I got the fire and dont regret it. I have a macbook and iphone and couldn't justify the price of the ipad. I even had an ipad and sold it after a month. I really felt guilty spending so much on something I really on use in bed.

The fire is perfect, still allows me to browse online, read, and play games. I even downloaded some music which I found out they can be played on the iphone with the cloud player app. 

Best thing about the fire for me? The size...

I'm glad you found the right device for you 

Sent from my Kindle Fire using Tapatalk 2


----------



## Betsy the Quilter (Oct 27, 2008)

JoeDiver said:


> Oh, one other thing I like AOT over the KF....Collections! Exactly what I was missing...a way to organize all my books. I spent the time creating collections and adding books on the Mac Kindle App...then just imported my Collections on the new Touch...and bam! Everything is nicely organized now and on my home screen, I view by Collections.
> 
> Wonder why the KF didn't have that ability? Seems like a pretty basic functional thing....


This is a puzzlement to the rest of us, too...and I haven't checked recently, but I don't think there are collections in the iPad Kindle reader... I can understand Amazon not wanting to encourage us iPad users  but you'd think they'd make it better for the Fire users... off to send feedback from my Fire. (Gear > More > Help & Feedback > Feedback.)

Betsy


----------



## Cindy416 (May 2, 2009)

My KF experience has been similar to others' experiences. I usually read on my KF when I'm on my treadmill, but the rest of the time, I use my Kindle Touch (which I only use for reading). As for my KF, I continue to look for great apps that will justify my purchase of it. (I have an iPad, too, so I probably could have lived without my KF, but I love technology and had to get a KF. I waited to buy my KT until about 6 weeks ago, so at last I demonstrated restraint for awhile. )


----------



## Vet (Apr 25, 2010)

My use of the Fire is similar to Cindy's. I probably could have done without the Fire, but I love technology. I do like some of the Amazon apps that aren't available on the iPad, such as Droid TV. Reading on the Fire has been a good experience for me. My kindle keyboard hasn't been used in months. I will keep it for outside reading.


----------



## Ann in Arlington (Oct 27, 2008)

I think the reason for 'not collections' on the Fire is that they want to encourage you to store most things in their cloud and only keep a few things actually ON the fire.  If you've only got a couple of dozen books, it's not hard to find the one you want by browsing the 'books' tab.


----------



## fuschiahedgehog (Feb 23, 2010)

Ann in Arlington said:


> I think the reason for 'not collections' on the Fire is that they want to encourage you to store most things in their cloud and only keep a few things actually ON the fire. If you've only got a couple of dozen books, it's not hard to find the one you want by browsing the 'books' tab.

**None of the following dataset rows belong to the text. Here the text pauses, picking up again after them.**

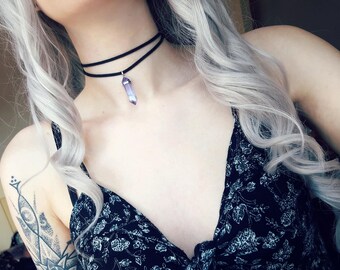 Crystal Choker Necklace Grunge Black Choker Tumblr Jewelry Wrap Choker Boho Choker Crystal Necklace Gemstone Necklace Suede Layered Necklace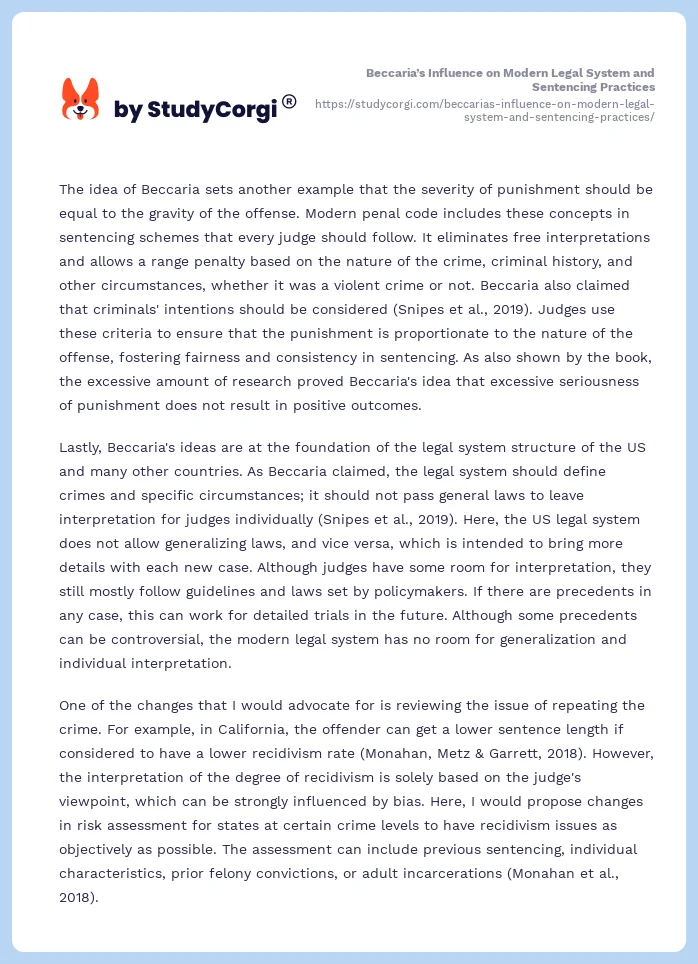 Beccaria’s Influence on Modern Legal System and Sentencing Practices. Page 2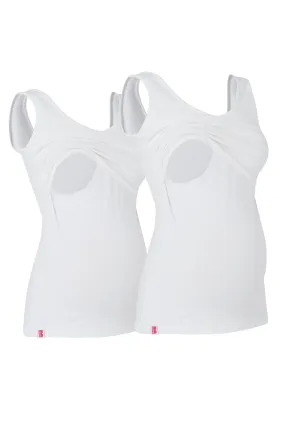 Bshirt Nursing Vest - Twin Pack -White & White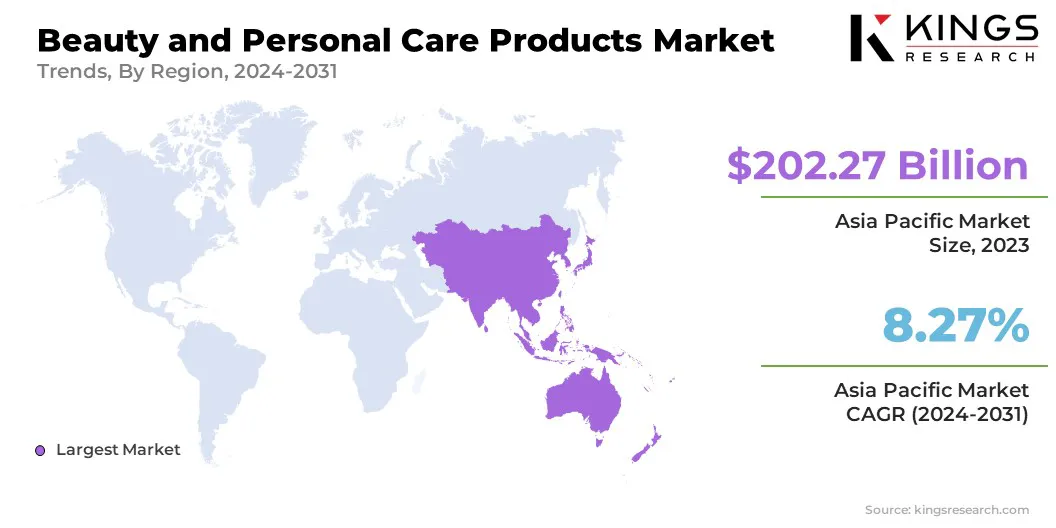 Beauty and Personal Care Products Market Size & Share, By Region, 2024-2031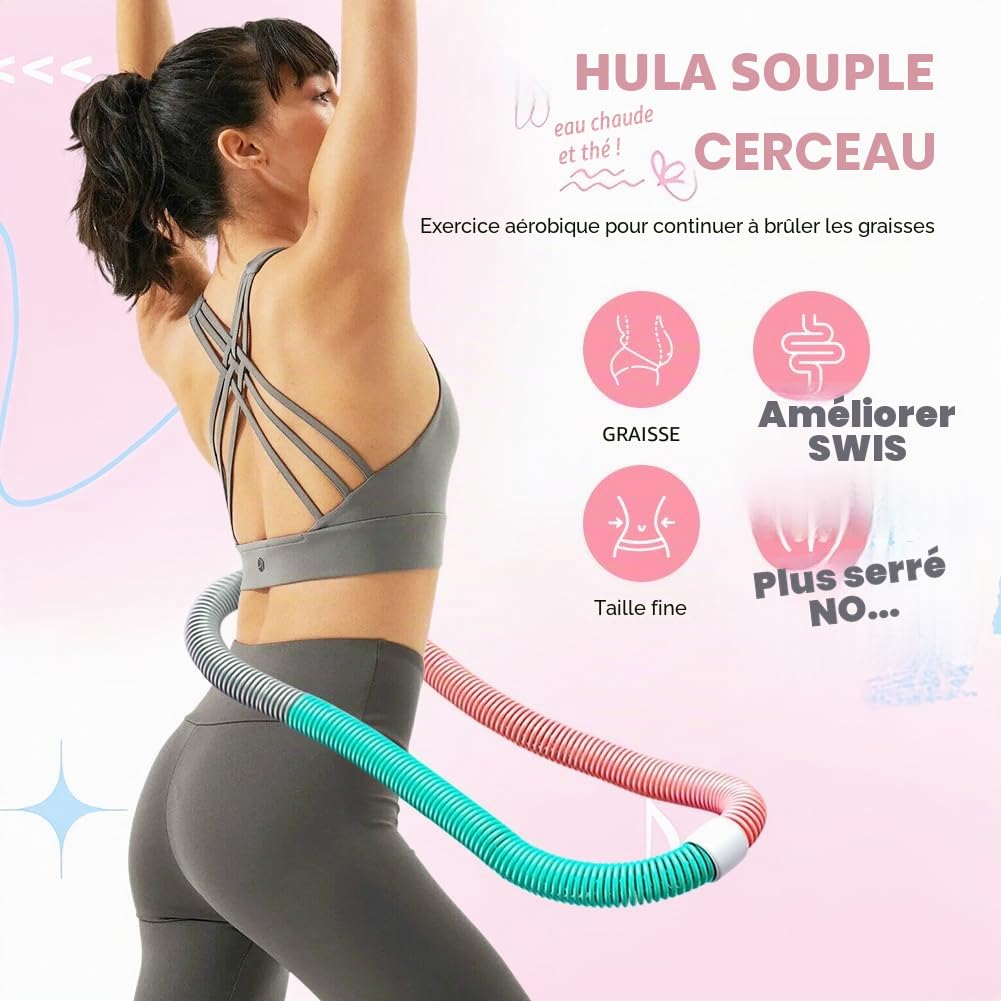 Gohytal Hula Hoop Cerceau pour adultes, cerceau de fitness lesté, pliable, appareil d'entraînement portable pour la maison, le fitness, la maison, l'école
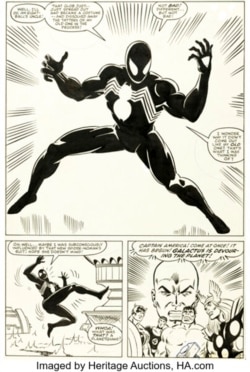 This image provided by Heritage Auctions shows Page 25 from the 1984 Marvel comic 'Secret Wars No. 8,' which tells the origin story of Spider-Man's now-iconic black costume.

I don't think that's it - the 'cloud' is just as user unfriendly as the jumbled heap on the Fire. No ability to group, sort, or search by topic, genre, or anything besides author or title. I have 1000+ books/documents, and the lack of ability to group and sort them is my number one biggest annoyance. If it can be done on the lowly Kindle 4, why can't it be done on the Android apps (whether on the Fire or any other Android device)?


----------